Most enzymes sold are the lower-class food grade products and don't have a
lot of activity, while higher-class pharmaceutical grade enzymes are an assurance
of an enzyme working.
3. Next, I wanted a systemic enzyme
product with my brand name on it to be so strong that folks could take a much
lower dose than they had previously needed to take of other products. With the
undiluted, full-strength pancreatin in each of our Zymessence caplets equal to
1530 mg of USP enzymatic activity, when you then add the strength of the serrapeptase
and fruit enzymes over and above that, milligram per milligram 1 Zymessence caplet
is substantially stronger than 3 or more capsules/tablets of any other systemic
enzyme blend available at present.
But, since milligrams don't really
mean much in systemic enzyme blends anyway and activity can only be determined
by use, I always say: "The proof of any pudding is in the eating." When
I personally tested samples of Zymessence I found its action felt much greater
than the "milligram numbers" would suggest: I'm now able to achieve
with 3 caplets a day of Zymessence what I used to have to take 30 capsules daily
of one product or 60 tablets a day of another!!! While testing the new product,
my wife would catch me reaching, stooping and doing things I would have normally
winced at or just couldn't get myself to do at all!
Most Zymessence
users will find their dosing range between 3 and 6 caplets per day. So a bottle
of 180 enteric matrix caplets will last 1 to 2 months. Only if you have a building
fall on you or survive a parachute failure in a skydive should you ever need to
use 9 or more caplets a day. Mind you, I am not saying 3 to 6 caplets a few times
a day as with other products, I'm saying 3 to 6 caplets total per day tops!
As most customers who have used systemic enzymes know, the dose recommendations
on the label for most products are not what actually works for reducing inflammation
or fibrosis; the suggestions are just there for show as actual working or "Activation
Doses" are much higher. The suggested use recommendations on Zymessence are
what will actually work. Period.
4. Finally, delivery
of the enzymes had to be shielded against stomach acid destroying its action so
some sort of enteric protection had to be put into the product.
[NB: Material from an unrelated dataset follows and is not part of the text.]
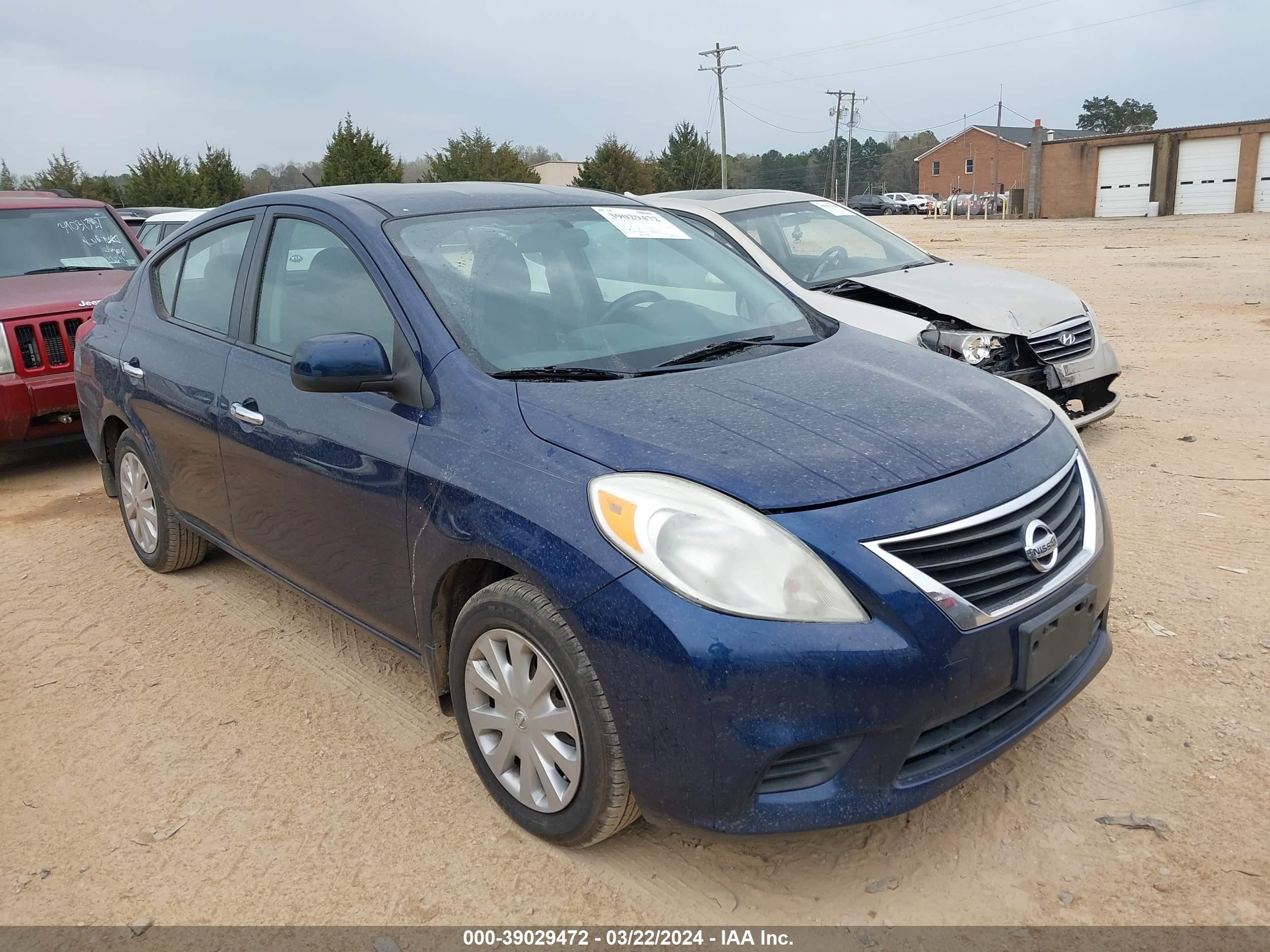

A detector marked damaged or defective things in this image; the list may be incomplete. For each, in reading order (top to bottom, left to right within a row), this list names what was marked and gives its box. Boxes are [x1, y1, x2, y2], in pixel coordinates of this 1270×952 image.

damaged hyundai sedan [77, 182, 1112, 848]
damaged hyundai sedan [647, 190, 1120, 428]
Having dealt with
enteric coated and non-enteric coated enzymes for a decade, I've come to the conclusion
that even when the enzymes are cultured to withstand acids, these enzymes are
absorbed better and have a stronger action when they are protected against stomach
acid. An enteric coating protects things from acids. Acids can destroy some enzymes;
real animal based pancreatin and the serrapeptase's specifically, as acid
resistant forms of those enzymes have not yet been developed. In most products,
the protective enteric coating is just that, a coating on the outside of the tablet
or capsule. The problem there is that if the tablets get jostled, bumped or dropped
(as can easily happen inside bottles) and the coating is scratched, nicked or
otherwise compromised, then it will fail and the enzymes inside will be harmed/killed-off-in-part
by the stomach acids. Here is another place where my pharmacologist friend shines!
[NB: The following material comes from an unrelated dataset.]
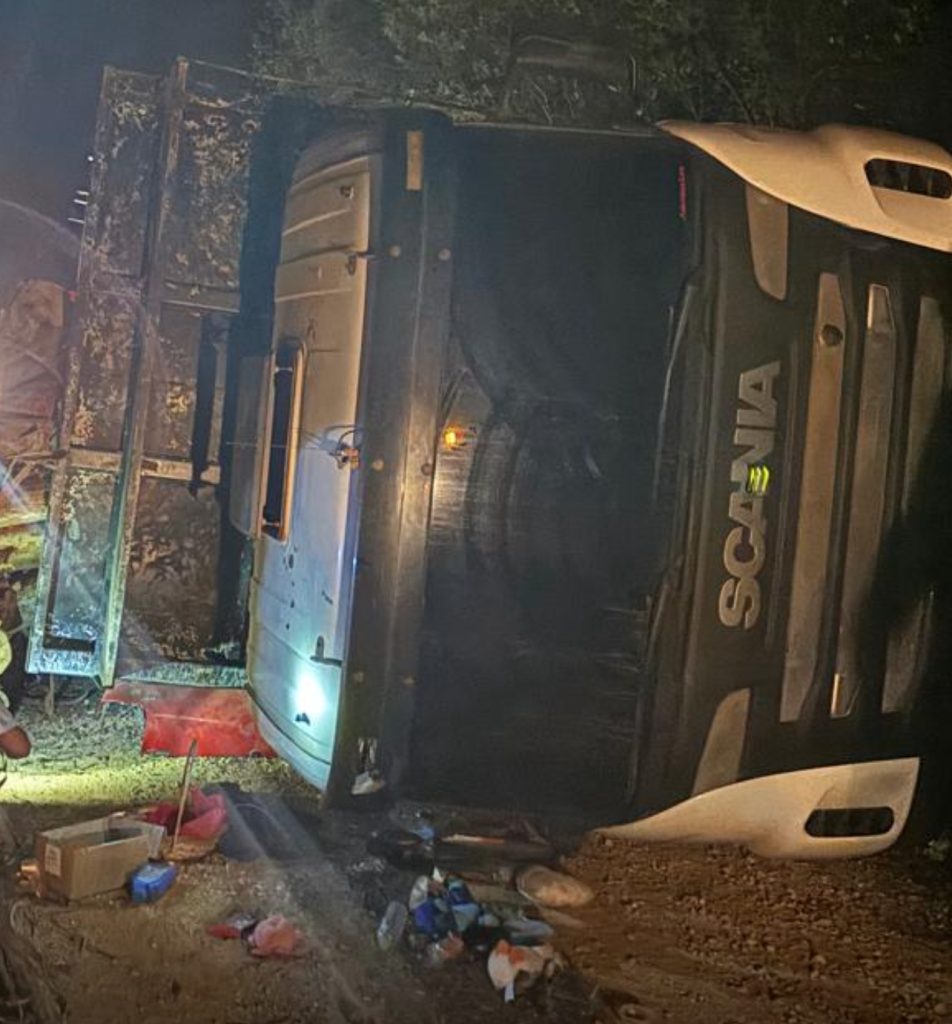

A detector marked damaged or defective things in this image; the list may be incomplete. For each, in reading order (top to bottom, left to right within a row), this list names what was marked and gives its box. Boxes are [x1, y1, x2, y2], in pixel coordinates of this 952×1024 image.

overturned scania truck [33, 54, 952, 856]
Using his German pharmaceutical knowledge, my pharmacologist friend has made the
enteric coating run throughout the Zymessence caplet (oval shaped tablet). So,
the coating is not only on the outside but runs through the inner beads that compose
the caplet (micro-encapsulation), insuring against enteric coating failure. Again,
this makes for more enzyme activity getting inside of the intestines where it
is safe and alkaline. Once there, the enzymes are absorbed and taken throughout
the body.
So based on our own needs, public demand and our clinical and
professional experiences, we now present Zymessence: The only systemic enzyme
blend of its kind. Made to exacting standards in a pharmaceutical grade manufacturing
facility that is FDA certified as well as certified by the Swiss and German governments
to make pharmaceutical medicines for their nations! (German and Swiss pharmaceutical
manufacturing and purity standards are higher than those of the FDA's).
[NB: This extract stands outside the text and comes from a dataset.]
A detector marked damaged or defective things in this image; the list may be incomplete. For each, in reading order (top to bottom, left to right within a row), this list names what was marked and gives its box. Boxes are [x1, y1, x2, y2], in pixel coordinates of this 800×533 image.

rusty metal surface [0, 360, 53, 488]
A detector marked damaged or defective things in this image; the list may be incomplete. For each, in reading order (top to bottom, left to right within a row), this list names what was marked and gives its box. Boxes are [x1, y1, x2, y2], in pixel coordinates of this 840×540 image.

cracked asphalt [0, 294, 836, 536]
With over a half century of collective experience in enzyme making, therapeutic
action and clinical application that my pharmacologist friend and I have brought
together, I proudly bring you: Zymessence. I believe Zymessence is the finest
systemic enzyme product made. But, since the proof of the pudding is in the eating,
try one bottle of Zymessence and feel the difference.
References:
1a) Carroll A., R.: Clinical examination of an enzymatic anti-inflammatory agent
in emergency surgery. Arztl. Praxis 24 (1972), 2307.
1b) Mazzone A, et
al.: Evaluation of Serratia peptidase in acute or chronic inflammation of otorhinolaryngology
pathology: a multicentre, double blind, randomized trial versus placebo. J Int
Med Res. 1990; 18(5):379-88.
1c) Kee W., H. Tan S, L., Lee V. Salmon Y.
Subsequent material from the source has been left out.